A few months back someone posted a screenshot from an Ofsted report on Twitter. The paragraph in question stated that 'according to the school's own tracking data, most pupils are not making expected progress', Ouch! The school appeared to have shot itself in the foot with its own system. 

It's tempting to write this off as an isolated case: a naive headteacher who made an error of judgement. More fool them. But this is far from being an isolated case; it's actually quite common. I regularly go into schools and get shown tracking systems that are awash with red. Loads of children are apparently below 'age-related expectations' and are not making 'expected progress'. Yet, invariably, the headteacher will claim that 'this is not a true reflection of the pupils in our school', and 'if you were to look in their books you'll see the progress they've really made', which begs the simple question:

What is the value of a system that is at complete odds with reality?

It does the school no favours whatsoever, yet they soldier on with it because they've 'already paid for it' and they've been 'using it for years' and 'the staff understand it' and 'the governors like the reports'. The fact that it is not painting the school in a favourable light is not enough to overcome their inertia. It's like changing banks: hardly anyone does it.

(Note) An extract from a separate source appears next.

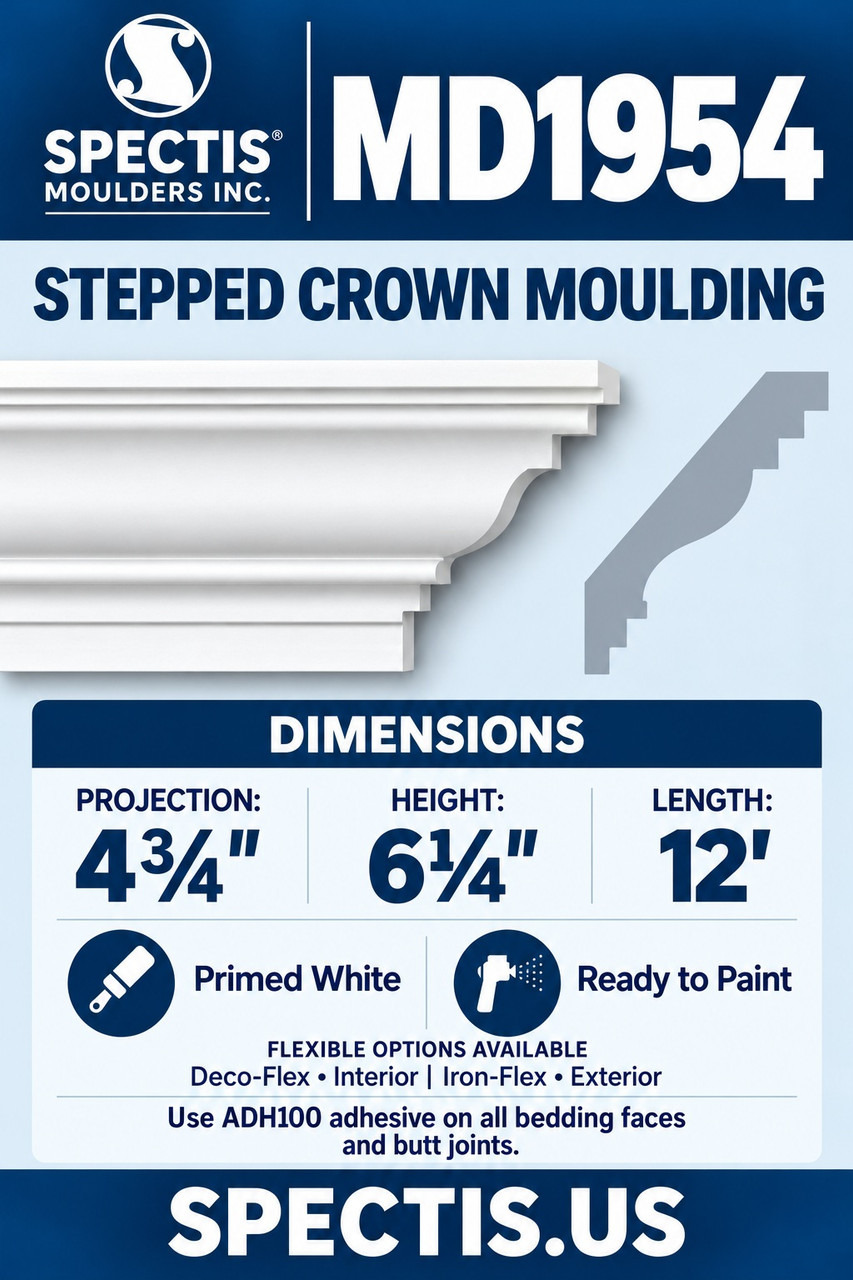 MD1954 stepped crown moulding section and side profile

This term the issue has become particularly apparent due to the simplistic algorthithms used in some systems. Essentially, systems are counting how many objectives have been assessed as achieved or secured, and presenting this as a percentage of the total number of objectives to be taught that year. If the system has the in-built, crude expectation that pupils will achieve a third of the objectives per term (a common approach), then any pupil that has not achieved over 33% of the years' objectives this term will be classified as below age-related expectation and will not be awarded the additional point that indicates that they have made so-called expected progress. But is 'age-related expectation' really a simple on-off thing or is it more subtle that that? More realistically, the vast majority of pupils are likely to be working within the age appropriate curriculum; it's just their security within it and the support they require that differs.

So 'ARE' is far more nuanced than the data suggests yet schools are putting up with stark binary approaches. Rather than turning off their systems and attempting to do something more meaningful instead, they find workarounds, export the data and convert it into something else, or try to ignore vast swathes of the system that make their school look bad. But what happens when someone asks how much progress the pupils are making? With a sigh they will inevitably turn back to the data because they have nothing else, and risk shooting themselves in the foot in the process.

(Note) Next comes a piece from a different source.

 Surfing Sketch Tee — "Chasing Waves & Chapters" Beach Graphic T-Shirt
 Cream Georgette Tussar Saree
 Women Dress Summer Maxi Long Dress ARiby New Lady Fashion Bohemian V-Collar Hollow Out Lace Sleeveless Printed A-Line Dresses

It appears that we have become hard wired to quantify progress. To distill pupils' learning down to a neat linear point scale even when it does us no favours whatsoever. Even when it bears no relation to the achievement of our pupils. Even when it jeopardises the standing of our schools. We are evidently finding it exceedingly difficult to break the chain. 

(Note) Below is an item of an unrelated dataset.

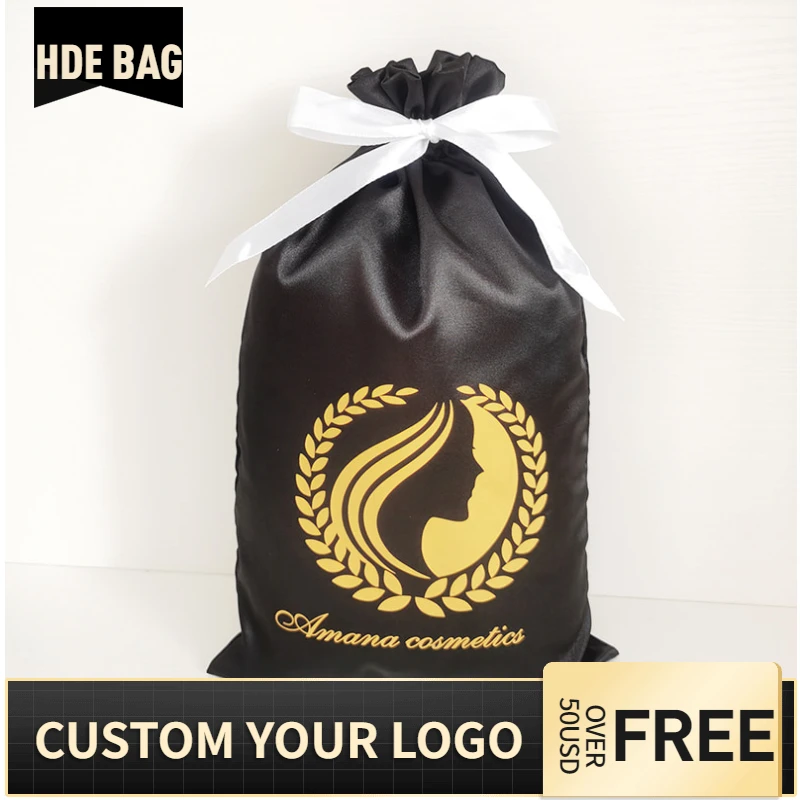 Custom Logo 18x30cm Satin Hair Extensions Ribbon Drawstring Bags Luxry Products Makeup Beauty Case Shoes Storage Packaging Bag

But break the chain we must. Legacy tracking systems - those originally designed to measure progress through levels - only serve one group of pupils well: those that are catching up. These pupils can get extra points by rapidly progressing through the curriculum. They make 'better than expected progress' in the traditional sense. However, a pupil that starts and finishes the year at the broadly age-related expectations appears to have made less progress despite deepening their learning; and the progress of the pupil that is closing gaps from the previous year is also not properly recognised. As for the SEN pupil that has not covered much in terms of curriculum but has overcome significant barriers to learning, their progress hardly even registers on the scale.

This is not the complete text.